The problem: Not-All-Equal-3SAT (NAE3SAT).  This is problem LO3 in the appendix.

The description: Just like 3SAT, except instead of requiring at least one of the literals in each clause to be true, we’re requiring at least one literal to be true and at least one literal to be false.  So we’re removing the case where all three literals can be true.

Notice that if we have an assignment of variables that is a NAE3SAT solution, then if we negate all of the variables, we still have a NAE3SAT solution

The reduction: From regular 3SAT.  We’re given a formula that is a collection of 3-literal clauses.  For each clause (x1 ∨ x2 ∨ x3) we create a new variable ci (for clause i) and add 2 clauses to our NAE3SAT instance:

(x1∨ x2 ∨ ci) and (x3 ∨ ~ci ∨ F)  (Where “F” is the constant value false.  We’ll talk more about this later)

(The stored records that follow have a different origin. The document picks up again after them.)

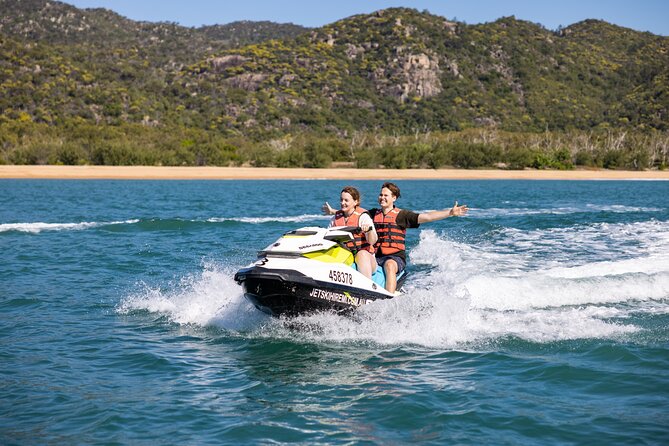 Magnetic Island 60 Minute Jetski Hire for 1-8 People Plus Gopro. - Directions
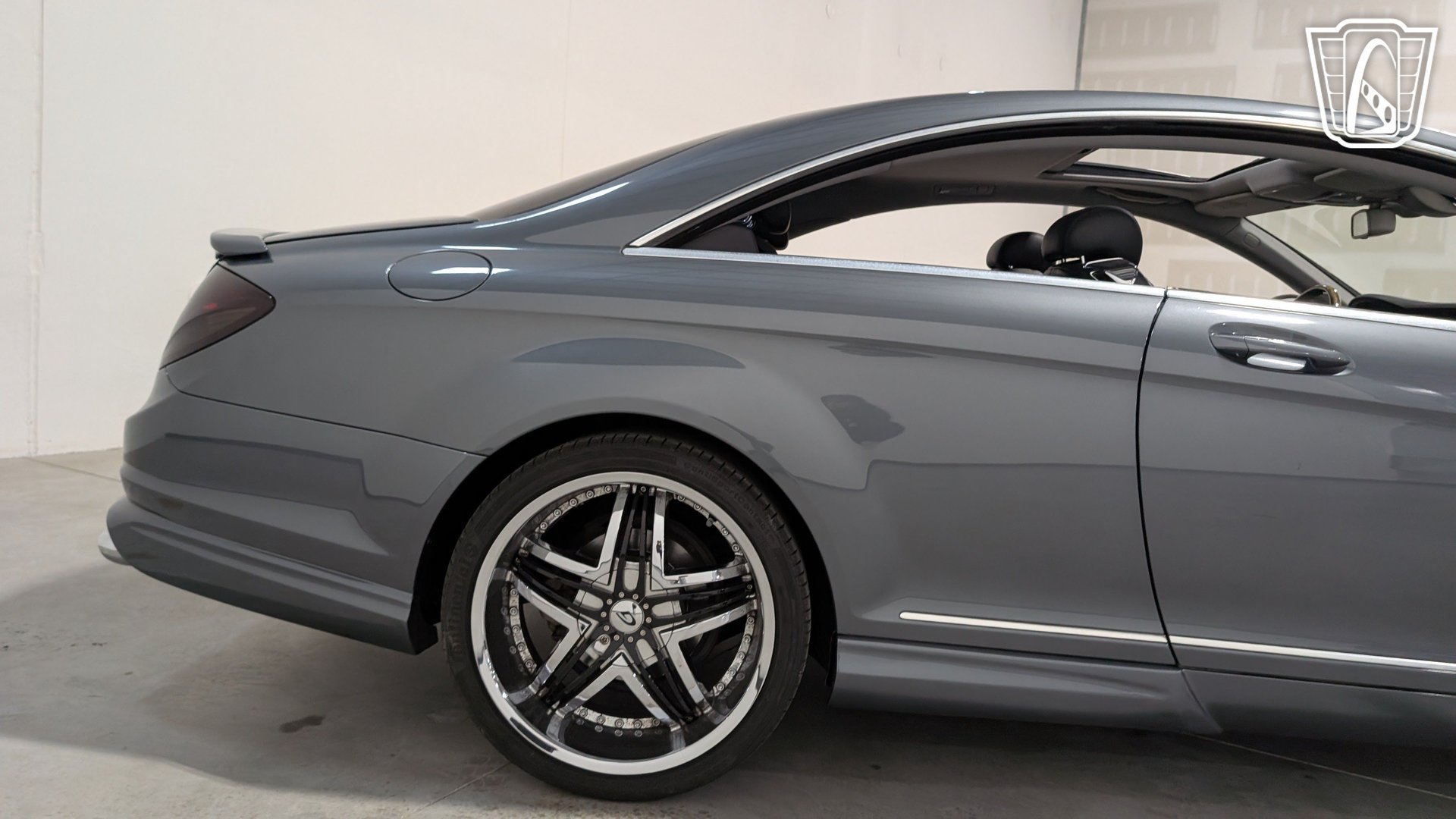 Used 2007 Mercedes-Benz CL 550 image 33
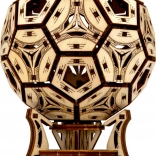 WOODEN CITY puzzle 3D Organisateur multifonction - Ballon de football 175 pièces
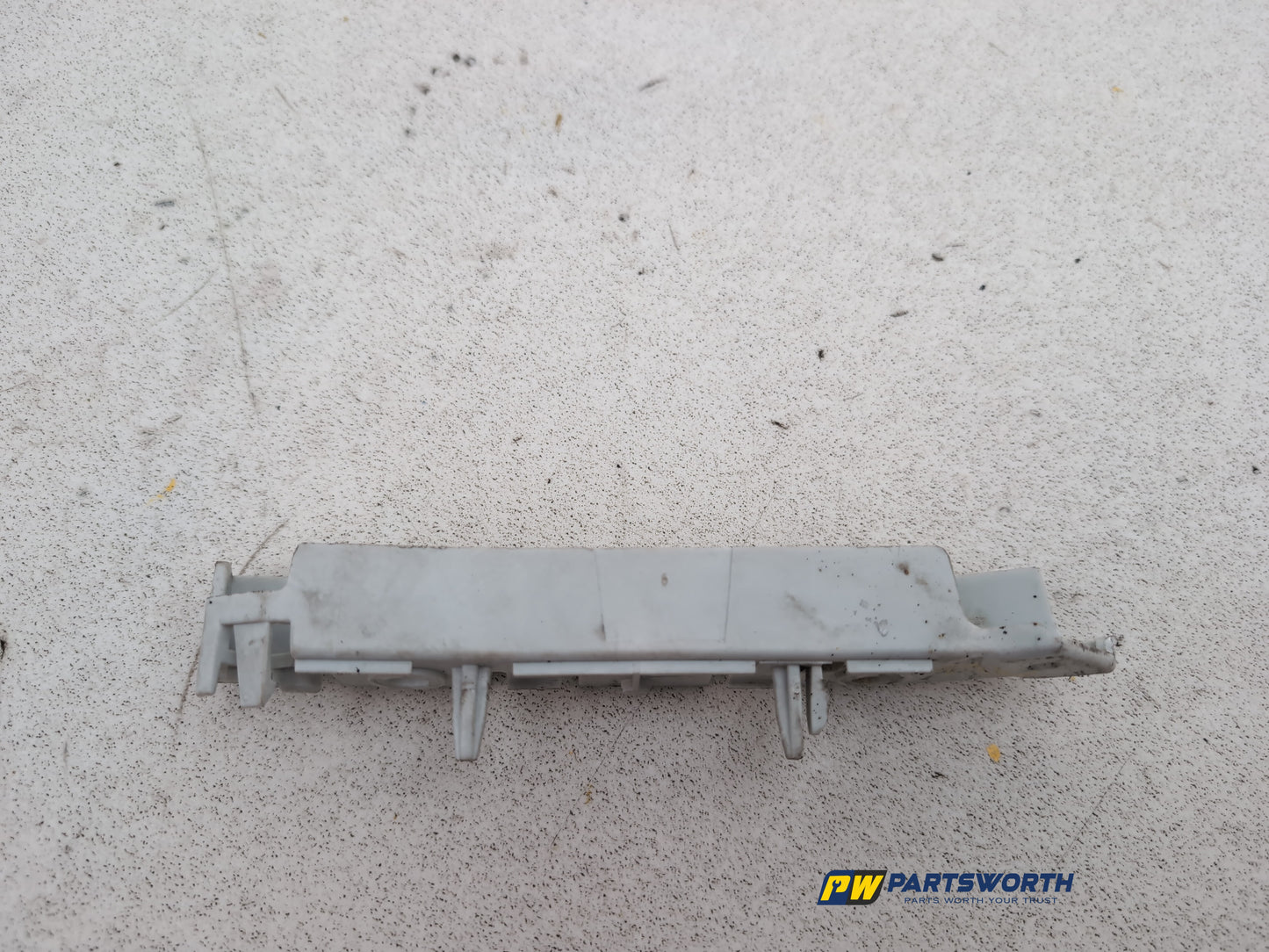 Bumper Front Reinforcement 5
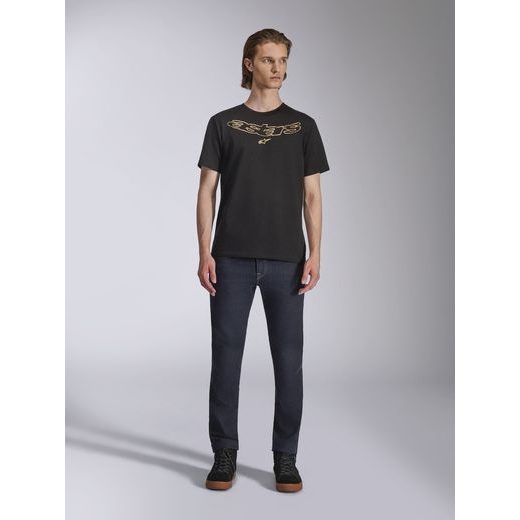 TRIKO LUXO CSF, ALPINESTARS (ČIERNA)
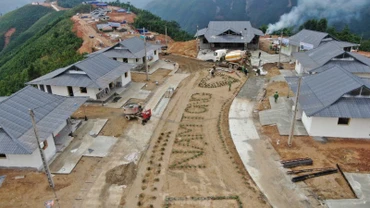 Những vùng đất tái sinh sau bão Yagi 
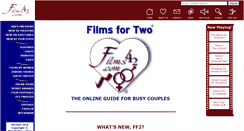 Desktop Screenshot of films42.com
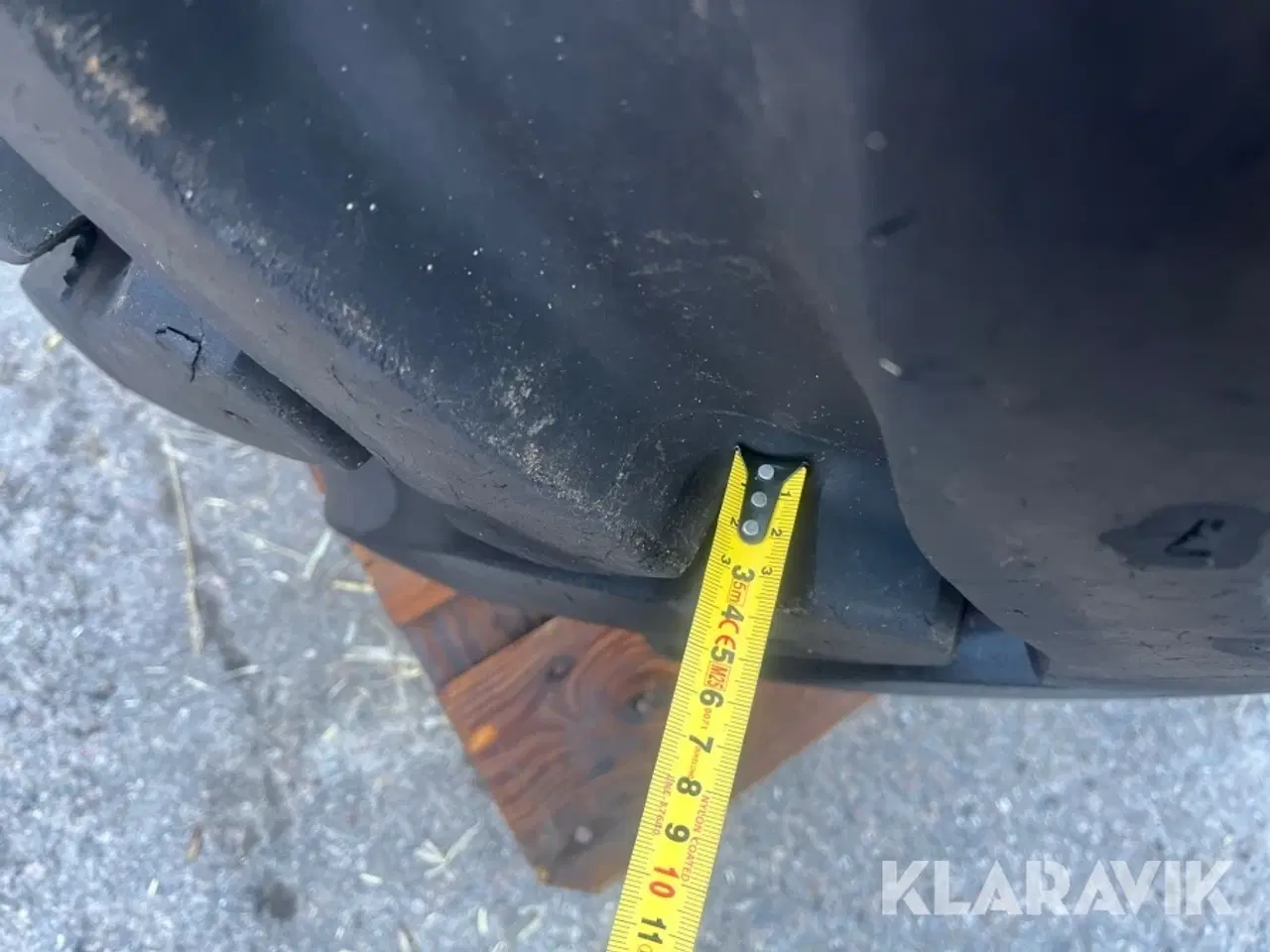 Billede 3 - Landbrugsdæk Alliance Flotation 331 1 styk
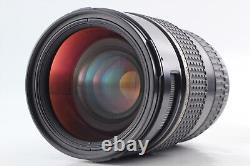 Exc+5 Pentax 645NII Camera 120 Film Back FA 80-160mm f4.5 Zoom Lens From Japan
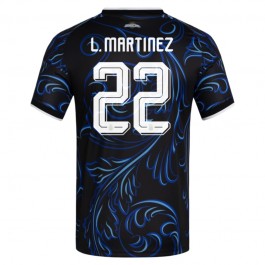 Argentina L.Martinez 22 VM Bortedrakt 2026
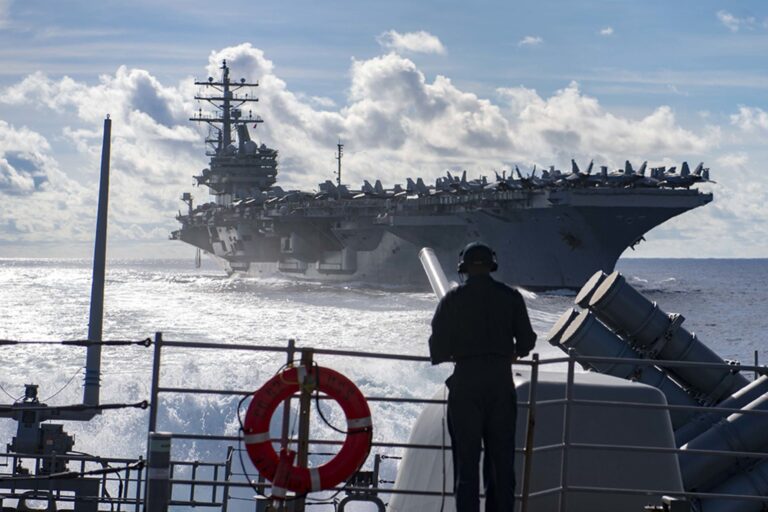 Report to U.S. Congress on Navy Force Structure and Shipbuilding Plans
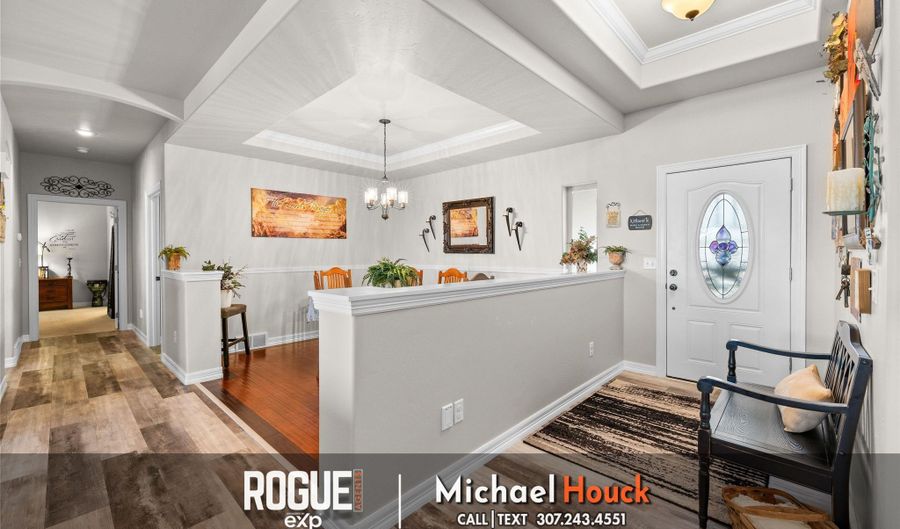 6160 Coronado, Casper, WY 82609 - 5 Beds, 3 Bath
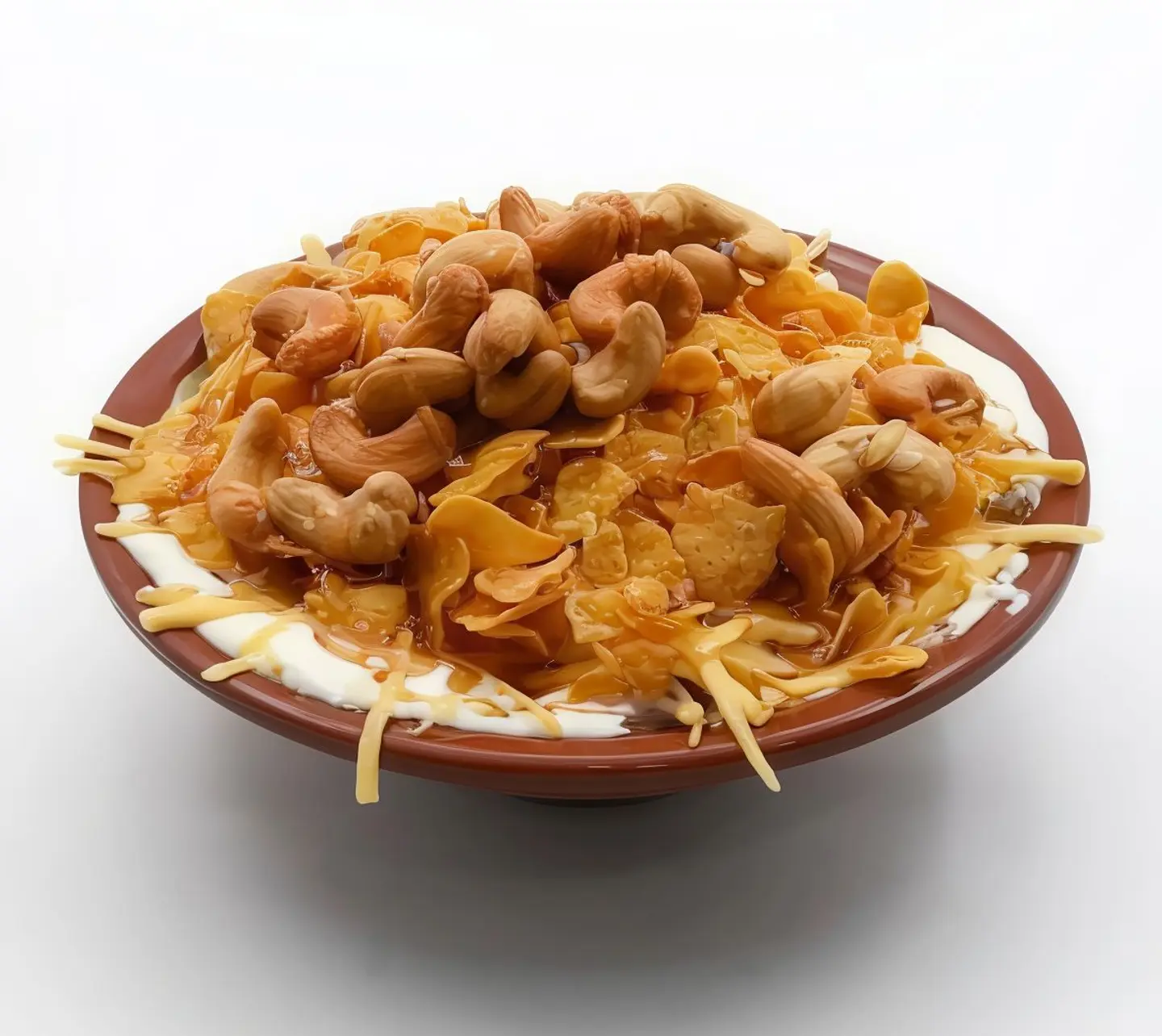 Mixed Nuts Masoub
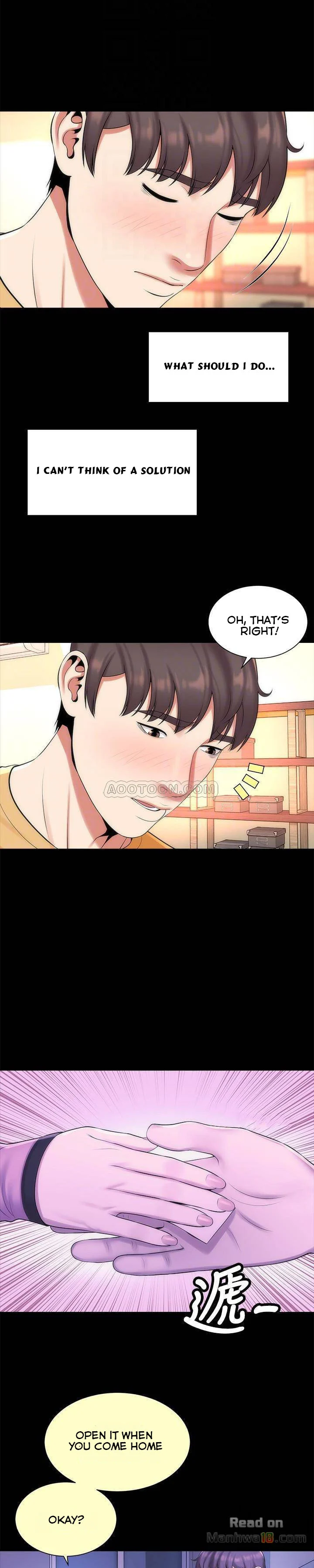 Mother And Daughter Next Door chapter 31 page 7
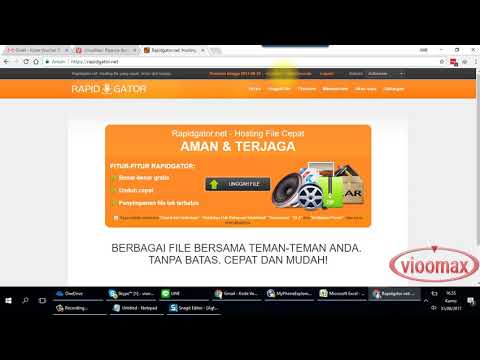 Tutorial Video to Create Emload Free and Emload Premium ::ViooMax:::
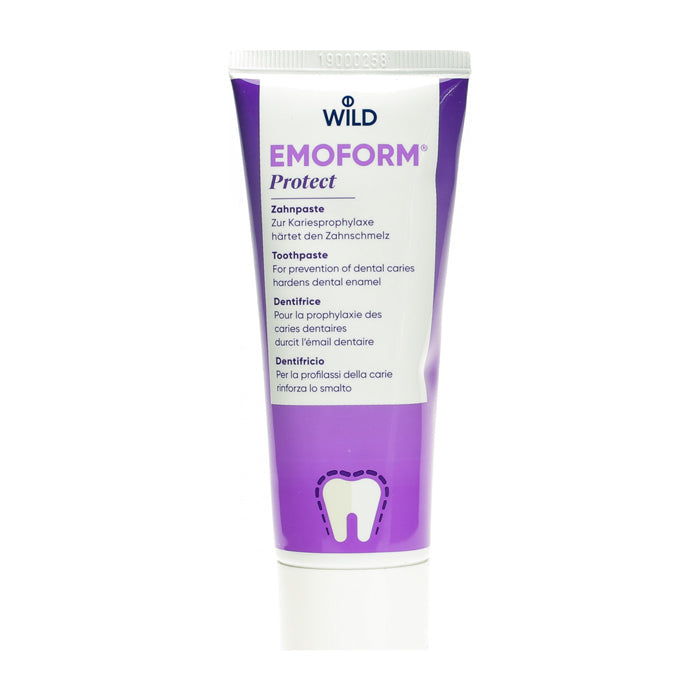 Emoform Protect Toothpaste 75ml Emoform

The idea is that ci is there to “fix” the clause.  If the original clause was satisfiable because of x1 or x2, then ci can be false, and its negation can make the second clause true.  If the original clause was satisfiable because of x3, we can make ci true.  If the original clause had all three literals satisfiable, we can make ci false, and become an acceptable NAE3SAT solution.

Note that because the definition of NAE3SAT (and, for that matter, regular 3SAT) is defined in terms of collections of 3 variables, the constant value false we used above isn’t strictly legal.  We’ve really just shown “NAE3SAT with some constants replacing variables” is NP-Hard.  To show “normal” NAE3SAT is NP-Hard, we need to reduce the fixed constant version into the normal version:

Given an instance of NAE3SAT with fixed constants, we create 2 new variables xT and xF.  We replace all instances of the constant value true with xT, and all instances of the constant value false with xF.  We also add one additional clause:

(xT ∨ xT ∨ xF).

Note that this new clause is only NAESatisfiable if xT != xF.  We can’t directly bind xT to true and xF to false because if you take a NAE3SAT solution and negate all literals, you get another NAE3SAT solution.  But because of that, this is NAESatisfiable if and only if the original formula is.

Difficulty: It depends on what you give them.  If you make them do everything I did above, I’d say it’s an 8.  If you let them stop at the NAE3SAT with fixed constants, then maybe a 7.